IPTV faces content difficulties
Major content providers are playing hard to get with IPTV start-ups. Though the new technology could lead to entirely new ways of watching TV, the motion picture studios are not yet convinced.
Part of the problem has to do with how powerful the technology is. Because IPTV uses huge centralized servers to deliver video into consumers’ homes, it can support a nearly unlimited number of channels and allow customers to pick from an à la carte channel selection. It can offer events available “on demand” at the push of the button.
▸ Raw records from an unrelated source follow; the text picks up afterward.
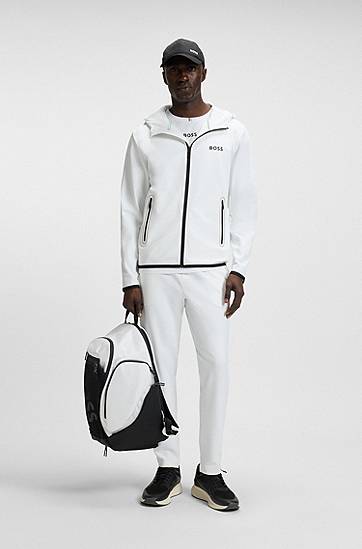 Суитчър BOSS BOSS Active Stretch-Gabardine Zip-Up Hoodie Бяло | 50542948, 1
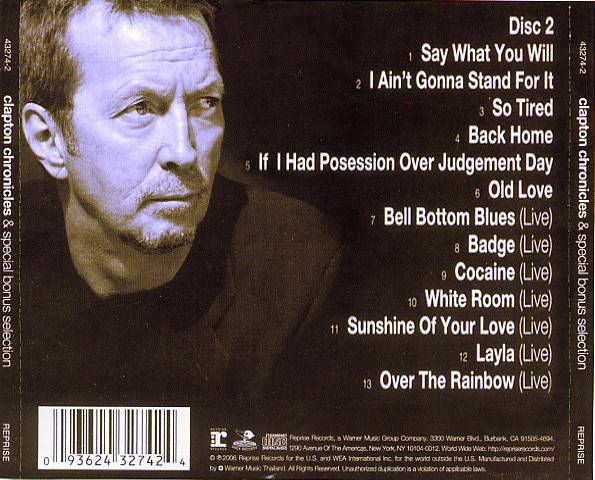 Eric Clapton Clapton Chronicles deluxe edition : Back2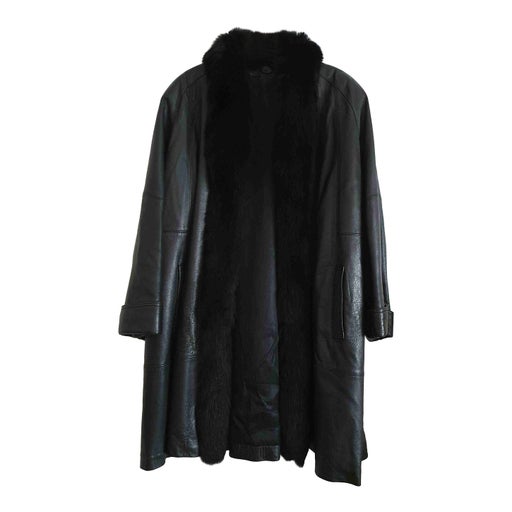 Leather and fur coat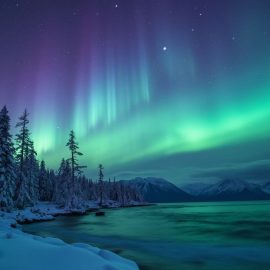 The aurora borealis seen over a lake and snowy trees illustrates what the northern lights are and what causes them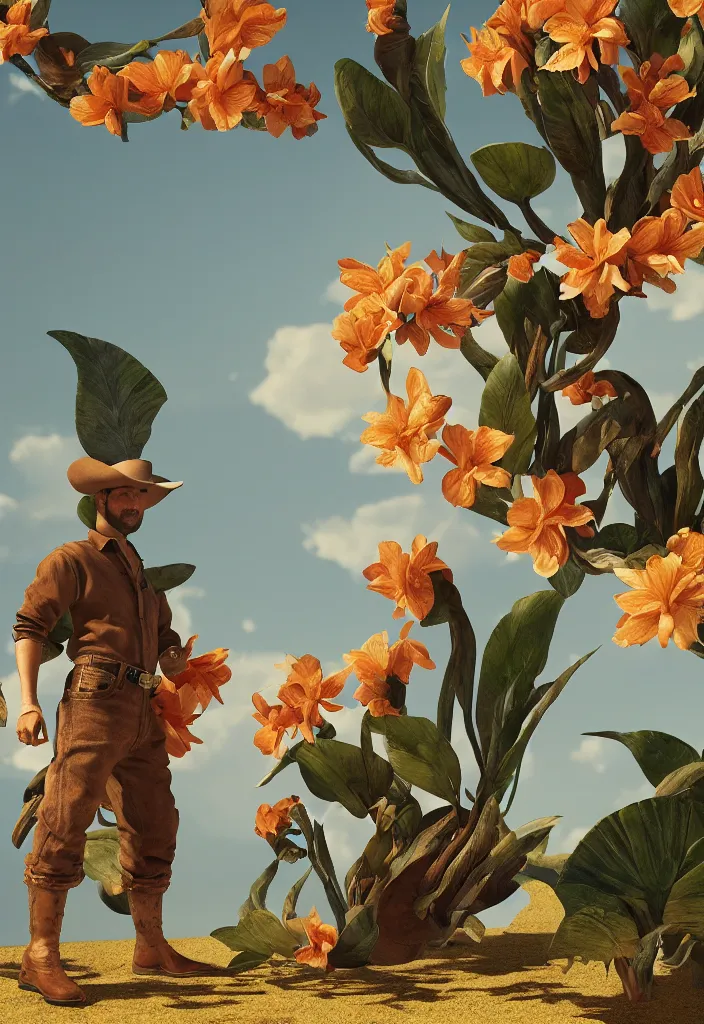 Image similar to A cowboy turning into blooms. tropical sea slugs, tractor tires. complementary colors. national geographic. 8k, rendered in octane, smooth gradients. sculpture by antonio canova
IPTV differs from earlier forms of Internet-based TV in that, while the video signal is encoded just like data over the Web, it travels solely over the telco’s own servers and network. Viewers will find the experience akin to watching digital cable, rather than streaming video on the Web.
But the technology matters only if the movie studios and other content providers play along. Walt Disney hasn’t signed with any outside distributor to provide its movies for video-on-demand. Likewise, most studios have agreed to only limited video-on-demand distribution, fearing it could cut into revenues from rentals and DVD sales — now generating bigger income streams than the box office itself.
So far, the telcos, led by SBC, Verizon and BellSouth, are moving ahead with their plans for three of the biggest IPTV deployments in the world. When completed in less than two years, SBC’s service will extend to 18 million homes in 13 states and cost an estimated $4 billion. It also puts the telecom in direct competition with cable companies who are, in turn, venturing onto Baby Bell turf by offering phone service.
It’s clear the big studios and other content providers are uneasy about jumping on board the IPTV bandwagon, it may be impossible for the new distribution technology to truly come into its own. The telcos have hired teams of program executives to try to turn around a very challenging situation, the report said.